## Recorded data
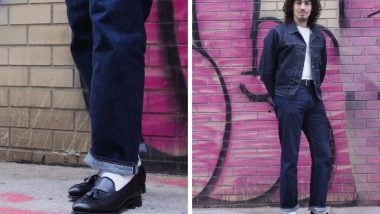 Loafers jeans white socks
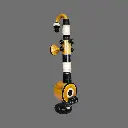 Etikoppaka Home Decor Wooden Crafted Veena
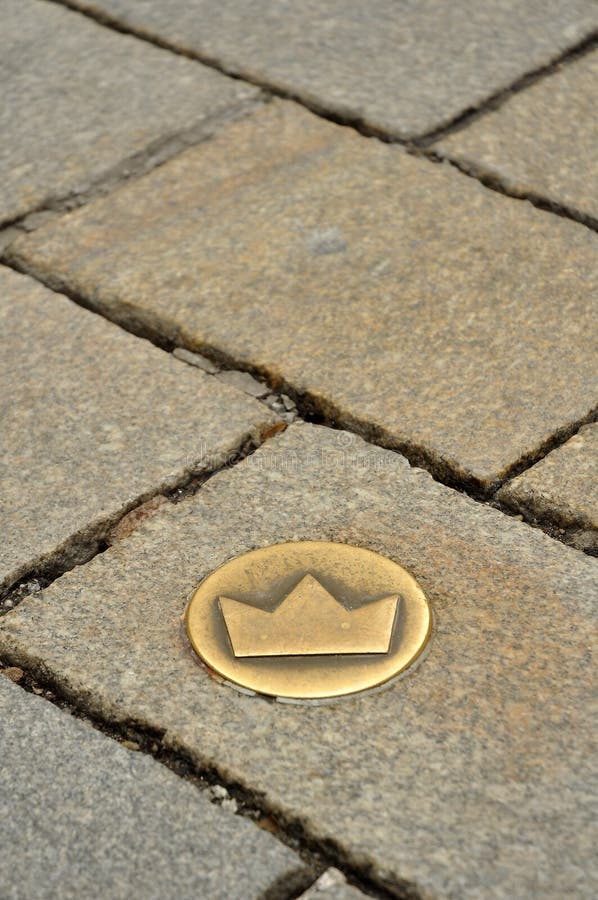 Crown symbol in Bratislava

## Task description
The material above should be returned exactly, without pictures.

## Solution
 Loafers jeans white socks
 Etikoppaka Home Decor Wooden Crafted Veena
 Crown symbol in Bratislava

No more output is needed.